East: The Access acquisition is all about a different type of design tool; it's about system-level design and the sort of SoCs [systems-on-chip] that people were building based on ARMs. Eight to 10 years ago, you could do all the system design you wanted to on the back of an envelope or, worst case, an Excel spreadsheet. Now the systems are more complex, there's a lot more functionality in the software, the interaction between the hardware and the software is a more difficult problem to solve, it's much more expensive to make mistakes today than it was eight to 10 years ago and, consequently, people have to find a way of addressing this double-whammy program: the increasing complexity of the natural design and the increasing cost of making a mistake. That drives them to do more code design modeling of hardware and software interacting together than they were doing eight to 10 years ago, and it's that sort of problem that the Access tools are addressing.
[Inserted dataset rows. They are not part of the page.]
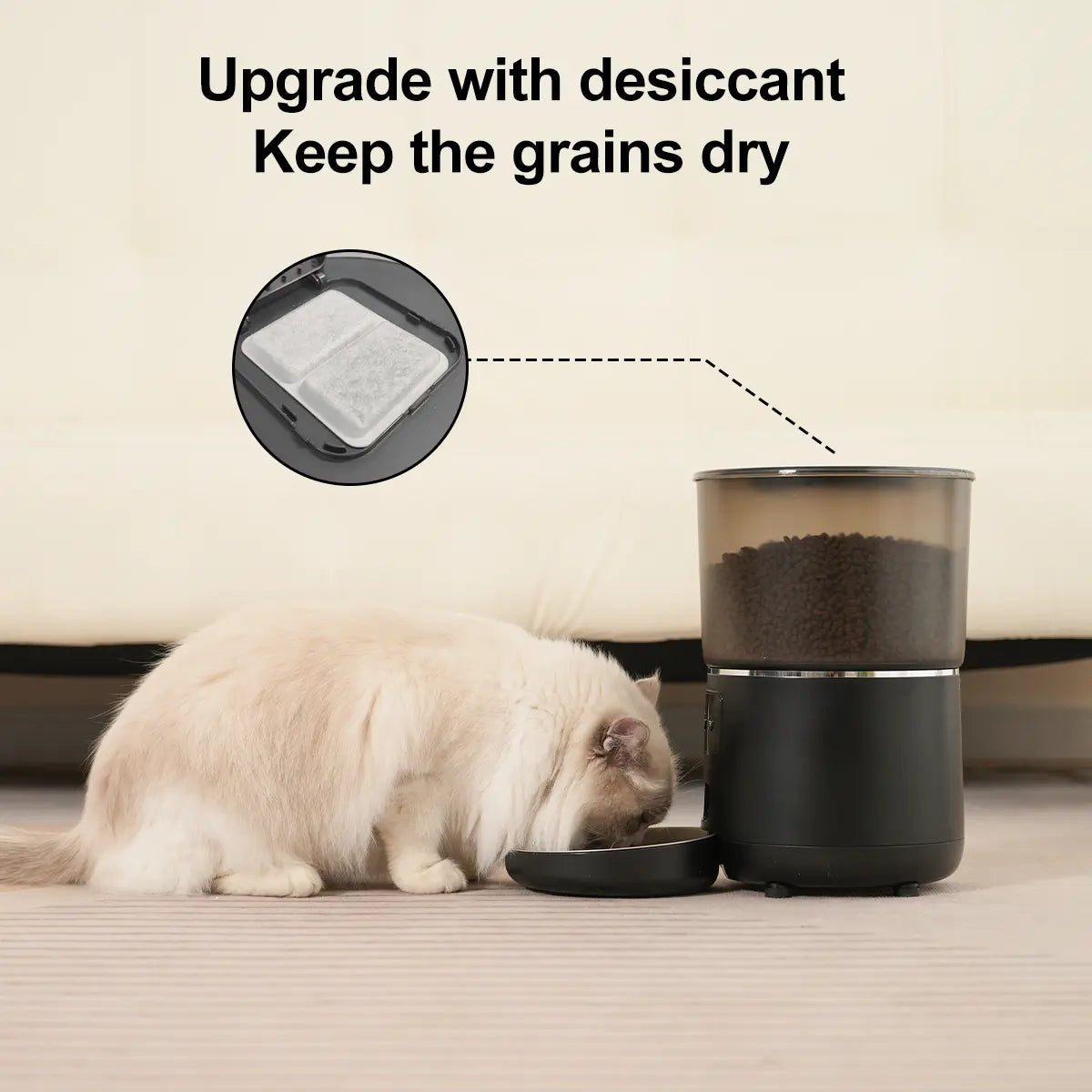 Smart Automatic Pet Feeder with 1080P HD Camera & WiFi – 4L Timed Food Dispenser for Cats & Dogs | Two-Way Audio, Night Vision & Custom Meal Scheduling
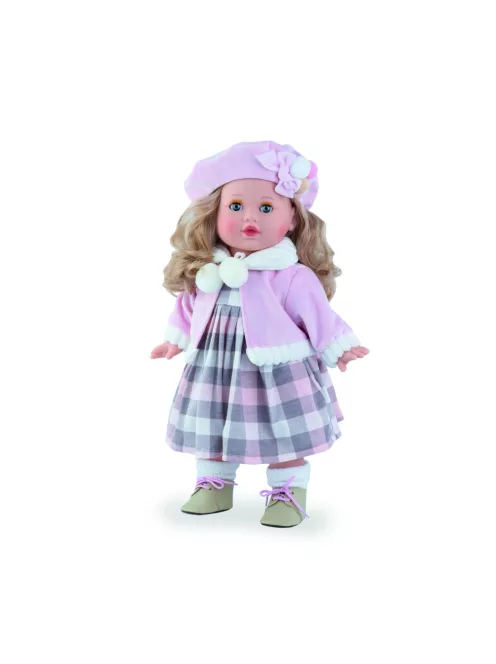 Marina&Pau baba - Tina rózsaszín kabátkával és sapkával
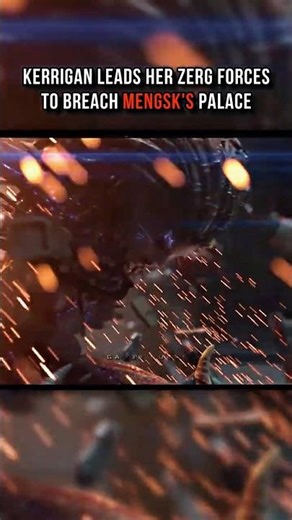 The Swarm Queen Showed No Mercy💀👾🔥 #shorts #starcraft2heartoftheswarm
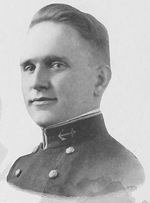 Midshipman Dixie Kiefer’s senior portrait as it appeared in the 1919 “Lucky Bag” (the United States Naval Academy yearbook). Kiefer was in the Class of 1919 but he graduated 6 Jun 1918.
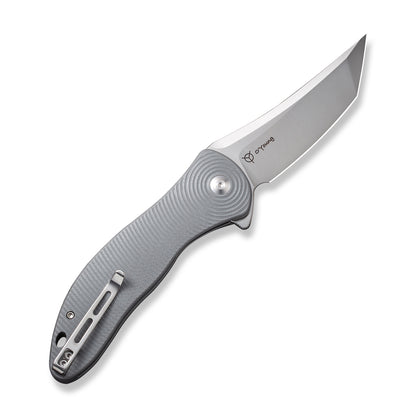 CIVIVI Knives™ Synergy4 Liner Lock C21018B-2 Gray G-10 Nitro-V Stainless Steel Pocket Knife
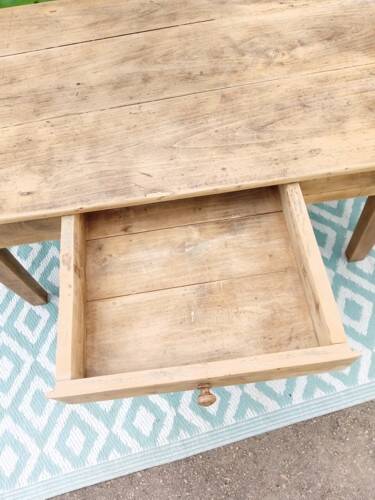 Antique wooden coffee table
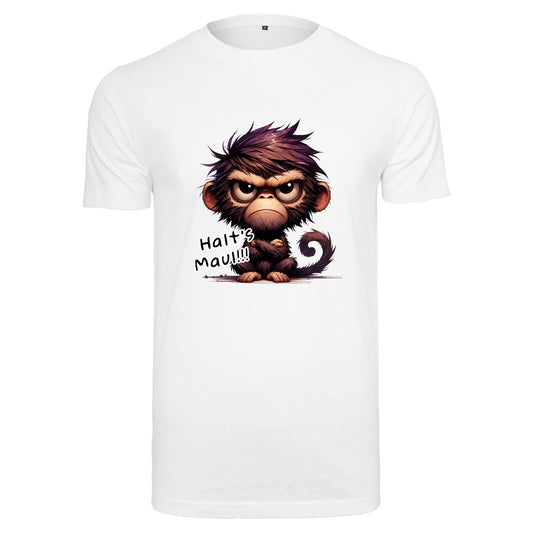 T-Shirt Shirt - Affe Halt´s Maul - verschiedene Farben zur Auswahl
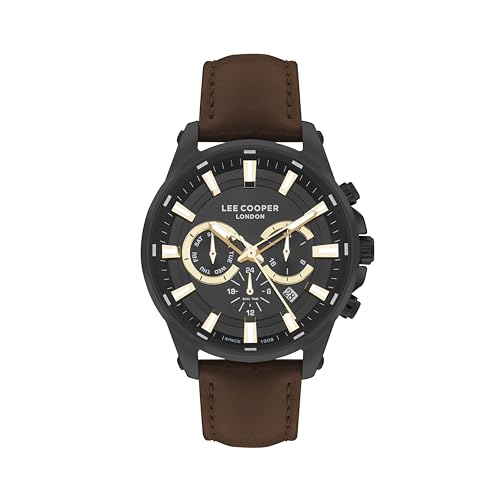 Lee Cooper Multifunction Black Round Dial Men's Watch - LC07525.154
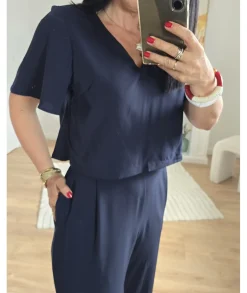 Combinaisons>La boutique de Lilie COMBINAISON HELENA Marine
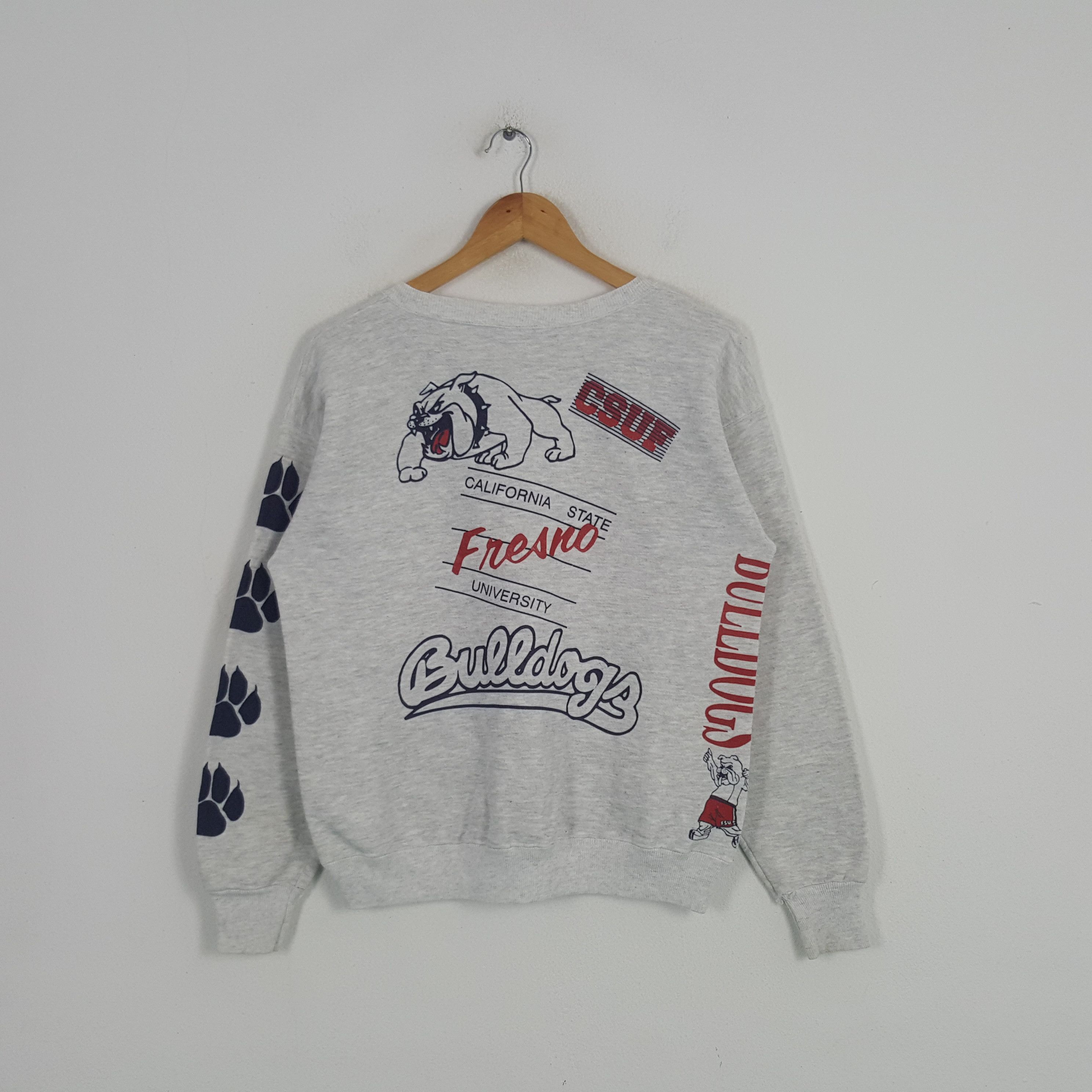 Lee × Vintage Vintage Lee X Fresno State Bulldogs Sportwear Sweatshirt Size US M / EU 48-50 / 2 - 1 Thumbnail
EET: Apple has made a sudden shift to the Intel microprocessor and, to oversimplify, it basically leaves two major processor architectures dominating the world: Intel and ARM. Is the microprocessor, as we've known it, dead?
East: Gosh, well, from a competitive point of view we still see lots of architectures out there. So, I can't say the microprocessor is dead at all. Today most of the microcontrollers happen to be 8-bit processors, but we believe in the future there's going to be a lot of 32-bit microcontroller designs out there, and we hope that many of them will be ARM-based. It's very interesting that Apple has decided to change its processor, but as far as we're concerned it doesn't really change the future much.
EET: Any potential business for ARM and Apple going forward?
East: ARM is already involved in some of Apple's consumer products. The Apple iPod's a well-known example. We've always steered clear of the desktop, simply because there's more business to be had in the embedded space, which is where we're going. From a common-sense point of view, why waste technical and commercial effort attempting to design perfectly good processors out of desktop PCs when, if you look at a PC from ARM's perspective, there's an opportunity for an ARM in the wireless connection, in the Bluetooth connection, in the printer that's attached to the PC, in the hard-disk drive, in the digital camera that you connect to the PC?
EET: Intel dropped the ARM name and use Xscale as the trade name for its implementation of the ARM architecture, and it's added some new instructions. It seems Intel has wandered off on its own in terms of the license.
East: Intel's one of the very few semiconductor partners that have an architecture license, which explains why there's some additional instructions and that's what the architecture license enables people to do. It's just a different level of differentiation. All of our semiconductor partners market their ARM-based products under family names. Some of them have numerical names and others more descriptive names, like Xscale and [its predecessor, Intel's] StrongARM. That's something we don't particularly get involved in. It's up to the semiconductor partner.
EET: Is ARM concerned about the foundry model going forward, where increasing R&D costs threaten to contract the foundry world down to maybe one or two players?
East: Increasing complexity generally leads to some kind of consolidation, until there's some discontinuity and the whole cycle starts again. So in basic CMOS technology, we're going to see fewer companies owning the fabs going forward. That's pretty clear from where we sit today. However, there will probably be some discontinuities, and there will be the emergence of other players doing other things. We don't particularly see it as a problem.
EET: IP protection in China is still an unsettling issue. Does this raise special concerns for an IP company like ARM?
East: It doesn't raise special challenges. As I said earlier, we defend our IP and take steps to protect it, but I think the opportunity far outweighs the threat in that regard. Also, I think the general climate toward respect for IP in China will change.